Харассмент до #MeToo
В ситуации домогательства женщина всегда находится в самом невыгодном положении. Особенно когда ее связывают профессиональные отношения с мужчиной, делающим непристойное замечание. Вчера, к примеру, во время фестиваля один из организаторов сказал мне, что был бы рад, если бы у нас с ним был ребенок. Говоря это, он обнял меня. Поскольку у этой сцены не было непосредственных свидетелей, я, к сожалению, могу лишь дальше держать оборону. Обвинять его в сексуальных домогательствах бессмысленно, так как он, конечно, будет всё отрицать и скажет, что это мои фантазии. Кроме того, в профессиональном плане я по-прежнему завишу от него. Поэтому я могу лишь действовать стратегически, продолжая соблюдать свои интересы, и, если он еще раз сделает подобное замечание, быстро и остро на него отреагировать. Но вчера эта ситуация просто застала меня врасплох. Главная проблема в том, что определенный тип мужчин, а именно мужчина с деньгами и влиянием, всё еще чувствует себя неуязвимым, совершая домогательства. Он не боится каких-либо санкций и считает, что зависящие от него женщины не будут предавать случившееся огласке из соображений собственной безопасности.
«Они»
Одна моя подруга говорит о мужчинах исключительно «они», никогда не используя существительное, как будто и так понятно, кто подразумевается под этим местоимением. «Они поступают всегда так и так. Все они одинаковые…» Подобные жалобы, к которым и я (надо признаться) иногда присоединяюсь, я частенько слышу от своих гетеросексуальных подруг. Сопоставление проблем как будто наталкивает на мысль, что мужчины в гетеросексуальных отношениях действительно ведут себя одинаково. В таких обсуждениях различия как будто отступают на второй план, и создается впечатление, что мужчины как партнеры взаимозаменяемы. И хотя желание женщин обнаружить общие паттерны поведения понятно и нормально, всё же здесь совершенно не учитывается специфика каждых отдельно взятых отношений. В реальности же одинаковых мужчин не существует. Кроме того, часто в подобных разговорах неосознанно воссоздается идея о мужчинах и женщинах как о двух абсолютных противоположностях, что в действительности иллюзия. «Они» – это совершенно другие; так говорят о животных, наблюдая за ними в зоопарке. В такие моменты женщины забывают, что, во-первых, этот «другой» не так уж сильно от нас отличается, а во-вторых, любовь может служить проводником в мир этого самого «другого». Но женщины, наоборот, ищут подтверждения стереотипам, что мужчины ведут себя как те самые «они», – и, конечно, их находят. С другой стороны, когда можно разделить свои переживания с другой женщиной, сравнив свой опыт отношений, это всегда утешает и успокаивает. Ведь в гетеросексуальных отношениях действительно проигрываются строго прописанные гендерные роли. А когда я понимаю, что у другой женщины похожие проблемы, то моя личная проблема перестает быть личной и становится структурной. Однако тут таится опасность окончательно превратить мужчин в «них» – в «других», а это, по сути, ничем не отличается от того, что они на протяжении столетий проделывали с женщинами.

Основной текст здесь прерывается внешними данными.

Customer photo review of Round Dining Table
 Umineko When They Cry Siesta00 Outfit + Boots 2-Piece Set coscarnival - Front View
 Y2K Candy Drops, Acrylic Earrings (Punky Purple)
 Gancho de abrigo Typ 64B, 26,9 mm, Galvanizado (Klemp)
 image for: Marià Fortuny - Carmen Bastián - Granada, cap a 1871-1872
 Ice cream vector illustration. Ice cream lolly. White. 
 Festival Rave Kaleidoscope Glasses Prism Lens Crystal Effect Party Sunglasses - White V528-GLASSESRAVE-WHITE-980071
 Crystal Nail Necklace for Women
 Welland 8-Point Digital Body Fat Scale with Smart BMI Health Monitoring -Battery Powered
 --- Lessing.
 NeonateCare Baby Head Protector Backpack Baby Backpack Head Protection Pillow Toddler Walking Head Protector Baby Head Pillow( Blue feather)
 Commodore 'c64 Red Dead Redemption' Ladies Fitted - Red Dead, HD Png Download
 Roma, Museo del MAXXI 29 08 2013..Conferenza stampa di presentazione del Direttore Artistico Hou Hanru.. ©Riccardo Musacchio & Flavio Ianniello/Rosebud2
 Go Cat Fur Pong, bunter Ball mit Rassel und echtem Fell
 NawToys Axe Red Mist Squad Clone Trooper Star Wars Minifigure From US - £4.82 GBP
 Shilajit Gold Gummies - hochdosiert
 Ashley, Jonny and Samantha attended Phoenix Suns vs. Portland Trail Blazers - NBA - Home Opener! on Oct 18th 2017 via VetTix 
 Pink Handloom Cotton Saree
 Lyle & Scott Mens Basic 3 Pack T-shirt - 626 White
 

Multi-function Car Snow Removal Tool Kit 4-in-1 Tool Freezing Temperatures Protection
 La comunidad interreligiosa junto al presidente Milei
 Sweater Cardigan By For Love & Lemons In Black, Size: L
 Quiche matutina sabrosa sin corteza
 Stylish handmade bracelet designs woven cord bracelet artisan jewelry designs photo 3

Музыка и сверхъестественное
Недавно пасторка сказала, что артист*ки и музыкант*ки хора сильнее чувствуют потустороннее, они более открыты для чудес и мистического, – и я с ней согласна. Когда я слушаю классическую музыку, то тоже становлюсь более восприимчивой к трансцендентным вещам. Сегодня на концерте в церкви Святого Матфея исполняли два трио: Йоганнеса Брамса и Франца Шуберта, и мне подумалось, что музыка действительно связана с потусторонним миром. Так или иначе, я совершенно точно почувствовала своего умершего отца, и мне показалось, что я вступила с ним в контакт. Я ощутила, что ему хорошо там, где он сейчас; солнце светило сквозь церковные окна, у отца было приподнятое настроение, и он был освобожден от страданий своего жизненного пути. Пение будто открывает человека для сверхъестественного, он словно выходит из одного мира и проникает в другой. Он преодолевает свое «я» и становится выше. Возможно, моя восприимчивость к сверхъестественному связана с тем, что пение и классическая музыка со мной с детства. Подобный трансцендентный опыт можно прожить и в любви, недаром музыка и любовь неразрывно связаны. Сегодня на концерте я вновь это почувствовала, так как музыка пробудила во мне внезапное желание дотронуться до стоящего рядом мужчины. К счастью, подобное желание возникло и у него – и он тоже протянул мне руку.